Magel has been exposed to wine since his youth; his father became interested in wine when Magel was a pre-teen and encouraged him to try various types at Sunday dinners. However, Magel did not develop a serious interest in wine until graduate school at the California School of Professional Psychology.
Upon graduation in 2002, Magel found he was no longer interested in working in the field and, at the suggestion of a friend, applied to a winery in Napa.
Magel worked at the winery for a year in the tasting room and doing tours until the commute began to wear him down. He left the winery to work as a buyer at Friendly Spirits, a now-defunct wine shop in the Castro, where he remained for two and a half years.
While working at Friendly Spirits, Magel started doing a part-time job in the technology field, which eventually turned into a full-time career.

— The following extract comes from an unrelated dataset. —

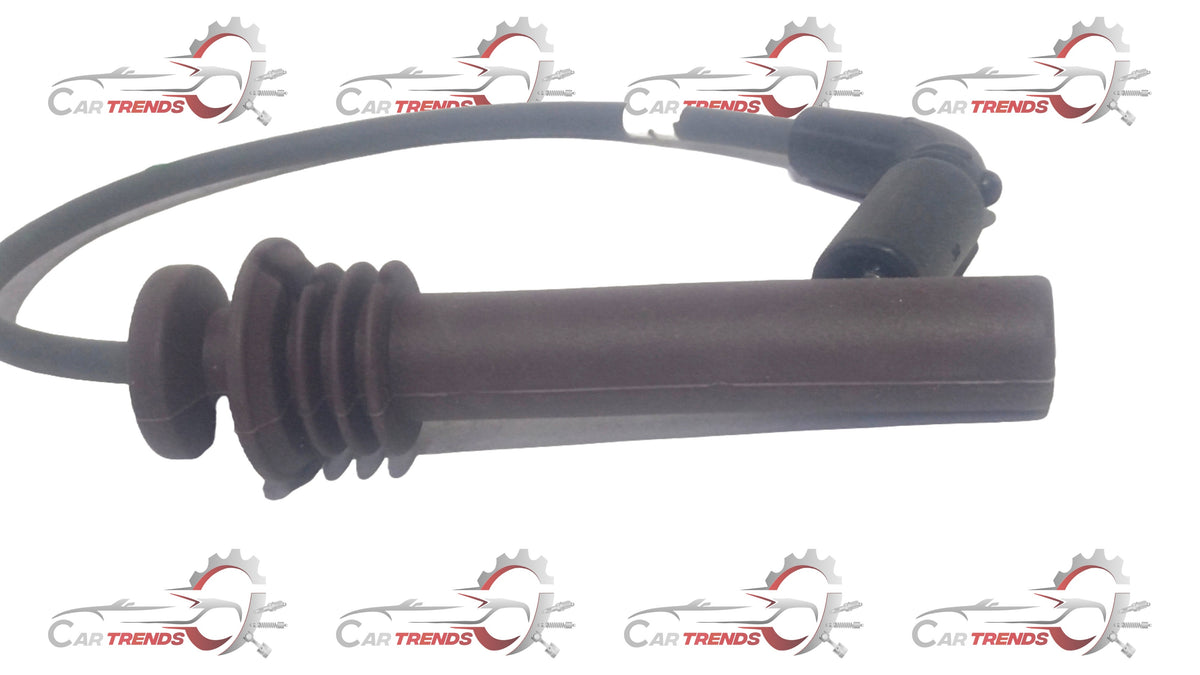 CarTrends WIRE ASM SPLG 1 CYL SAIL HB J24101269 J24101269 - Left view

“After about...four years of that, I started realizing that it really wasn’t where my heart is or was and so I decided I was going to venture out into wine full-time, but do something on my own,” said Magel.
While Magel was working, he had earned his Wine and Spirits Education Trust degree from Copia in Napa, which he was able to put to use as he established vinikitas.com
“I enjoy writing,” said Magel. “I’ve had a sense for quite some time that there’s a lot of young people – people in my age group and even younger – who are curious about wine, who want to learn about wine, who want to enjoy wine, but that didn’t necessarily know how to go about it.”
With this demographic in mind, Magel started a blog that he maintained for about a year while working in technology.
“I hadn’t invested a lot of time and energy into it until the point where I decided I was going to pursue this full time,” said Magel.
“Along with that decision came the realization that, well, I need to do something more than just a blog. It needs to be something with a lot more depth, a little bit more complexity, something a little bit more varied, not just sort of well, these are my thoughts and personal musing on wine, but something more than that.”
In addition to reviews, suggestions, and essays, Magel covers wine-related events and has recently begun interview people working in wine. Magel is also considering incorporating the work of guest writers.
Although at present vinikitas.com is largely funded by Magel himself, he has some advertising clients and hopes to bring more on board as the publication grows in popularity.
According to Jerry Cooper, owner of Swirl on Castro, a local wine bar which has its own web site at swirloncastro.com, wine web sites such as Magel’s play a vital role in the wine community and often have huge followings amongst hobbyists.
“They’re full of information and education and it gives people a little more confidence that they’re able to have a dialogue about wine,” said Cooper. “It helps them in a way define their palate and what they like.”